When I received my review sample I fired around 100 rounds of the 1 ¾-inch shells and slightly more 2 ¾-inch shells. I only fired 20 rounds of the 3-inch type.


Safety is positioned for ambidextrous use. Rear ghost ring sight is fully adjustable.


Forend has 15 full-size M-LOK slots and six smaller slots.



Front side is a blade on a ramp. Blade has orange insert.



First let’s look at the basics of each round. As this is not a shotgun to take dove hunting, we’ll confine the discussion to buckshot.

The Aguila buckshot loads consist of seven #4 buckshot pellets and four #1 buck. To put this in some perspective #4 buck is .24 caliber and #1 buck is .30 caliber. Felt recoil is very mild.

The number of 00 buckshot in a 2 ¾-inch round varies from eight pellets in a premium load to 12 pellets. Generally speaking the eight or nine pellet loads produce tighter patterns at longer distances. This is more important to peace officers on the street with possible bystanders than the private citizen defending his home against an intruder. A 00 buckshot pellet is .33 caliber. As expected, felt recoil with the heavier load is more significant, but very manageable especially when using good technique.

A premium 3-inch 00 buckshot shell contains nine pellets. That’s only one more pellet than a 2 ¾-inch shell, but fired at a higher velocity. Recoil is usually quite substantial. Personally I never felt the wear and tear on my shoulder from a 3-inch shell was worth whatever I might gain downrange.

It’s obvious that each length of shell has advantages and disadvantages. It’s up to the user to decide what gives them the most bang for their buck.

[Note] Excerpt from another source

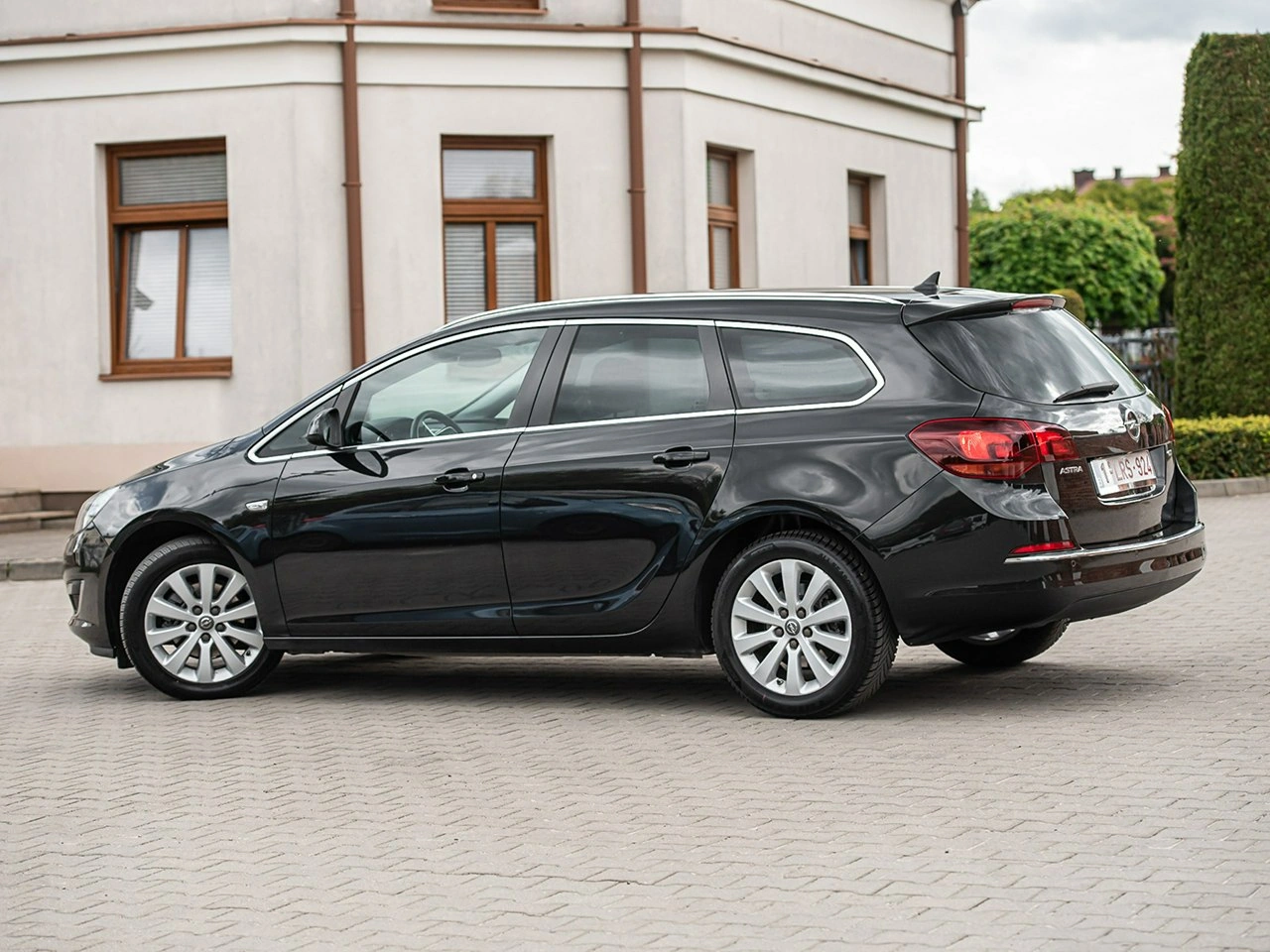 Opel Astra Sports Tourer - Zdjęcie 12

With the twenty-inch 590S, using the mini-shells gives a significant capacity increase of just over 64 percent compared to 2 ¾” shells. The 1 ¾-inch rounds might be a slightly better choice as well if you’re concerned about over-penetration. I say “slightly better” because contrary to popular myth even birdshot will penetrate a sheetrock wall unless a stud is hit.

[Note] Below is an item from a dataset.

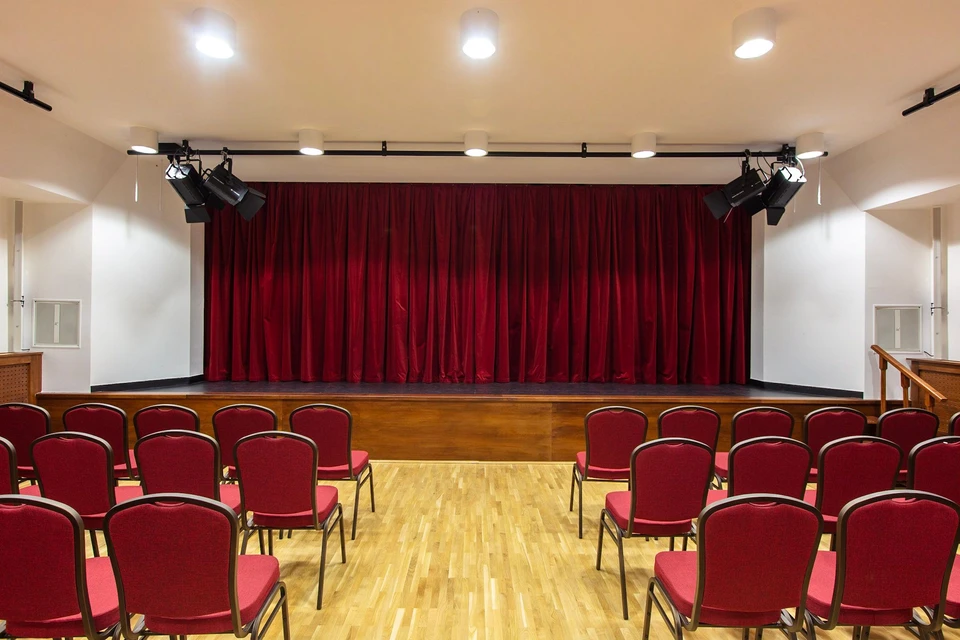 Teatro Alsónémedi com sistema K-array integrado a teatros e auditórios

Like the 590A1, the magazine tube features a quick magazine cleanout and bayonet lug.


590S incorporates three new components including a redesigned elevator and bolt slide.


On the other hand, if a lower capacity does not bother you, the 2 ¾” 00 buck is a better fight stopper. As for overpenetration, it might actually be desired in the event a crazed thug is trying to kick in the solid core door of your bedroom.

One of the best things about being an American is the ability to make choices. And the American-made Mossberg 590S does just that. One of the strongest attributes of the shotgun is that it can perform multipurpose roles, and the 590S is now more versatile than ever before.